Tuesday, May 18, 2010

To See How National Health Reform Could Play Out, Watch Massachusetts Carefully


In 2006, Massachusetts enacted a series of health reforms similar in many ways to those enacted at the national level in 2010. The state instituted an "individual mandate," an independent insurance "exchange," expansion of publicly funded health programs, and individual market reforms. The hope was to make insurance more affordable by adding more people to the insured pool.

That hasn't happened, because lawmakers forgot (or perhaps never bothered to learn) that most of an insurance premium derives from the prices paid out for medical services under the policy.

By insuring more individuals, the reform law increased demand for services, creating upward price pressure. Do you suppose a doctor with a waiting list of 1,600 individuals could afford to raise prices just a bit? Ya' think?

Insurers, taking such price increases into account, foresaw premium increases. But big premium increases didn't fit the nice political picture of How Things Are Supposed To Be, particularly when Massachusetts is the poster child for federal health reform eforts. A disaster in Massachusetts would take the momentum out of national efforts modeled on the same principles.

So to make it right, Massachusetts insurance regulators simply declared all of the premium increases "unreasonable" and denied them. (OK, not ALL - - just 235 out of 274.)

Now what do you get if you are an insurer and you have upward pressure on your expense side and a regulator has imposed a freeze on your revenue side? You get losses. Big time.

Here in New York we have heard this song before. A couple of times, actually, but most recently when it was revealed that Physicians' Reciprocal, a medical malpractice insurer, was more than $43 million in the hole and insolvent from an accounting perspective. Why? In no small part because Eliot Spitzer, before being drummed out of office for soliciting prostitutes, imposed a premium freeze on malpractice insurance rates. Like the Massachusetts freezes, that was done for political reasons. Like the Massachusetts freezes, the result is cash-strapped insurers.
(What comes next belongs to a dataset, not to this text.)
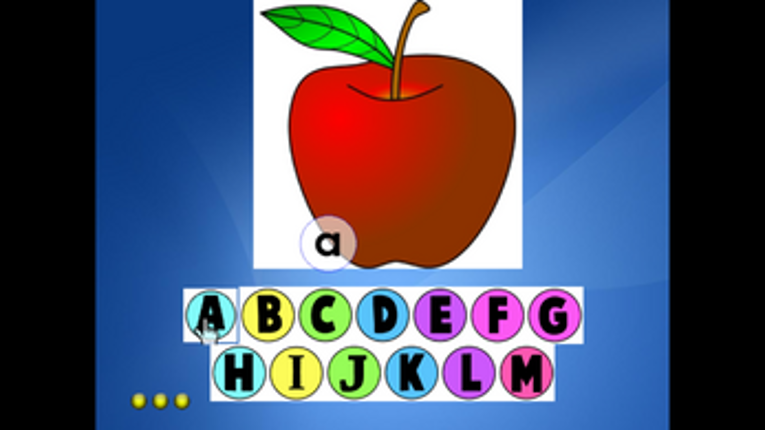Alphabet Sounds A to M screenshot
Health care providers like to pretend that health insurers hold all the cards when in comes to negotiating price. Available data (again from Massachusetts) suggest otherwise. Networks sell policies, and in the case of sole hospitals in unpopulated areas insurers are virtually at the mercy of the hospital - - because without the hospital, the health plan can't sell any policies at all.

If all of this is true, Massachusetts hospitals should be sitting fat and happy under the new reform regime. And indeed they are.

Health plans are also boxed in by federal anti-kickback and antitrust laws, which prevent them in many cases from forging new relationships with providers or devising new payment methods that would incent quality over quantity.

As a result, there is very little, if any, downward pressure on the largest component of health insurance premiums - - the price of medical services. And so the costs go up - - and up and up and up. Even in places like Provo, Utah, where healthy residents live in an area dominated by a medical system famed for its quality-over-quantity intitiatives, the price of care is still soaring.

Massachusetts proves that spreading the pain over a larger pool of members still results in unbearable pain when no effort is made to control the cost of care. The federal reform effort is not much different. Health reform proponents point to a few measures in the bill that hint at cost control. This is tinkering, if you could even call it that.

The Obama administration will do its best in the coming months to prop up Massachusetts and to paint a rosy, rosy picture of health reform. It will do this to protect the Democrats in Congress who supported the measures and try to avoid bloodletting at the polls.

It will do this at the ultimate expense of the ultimate payors for health care services: you and I.

A free market would require health care providers to justify their prices to the ultimate payors - - their patients. The problem with health care is that the current market is anything but free. Unless and until we take steps in that direction, look for the cost of care to go nowhere but up.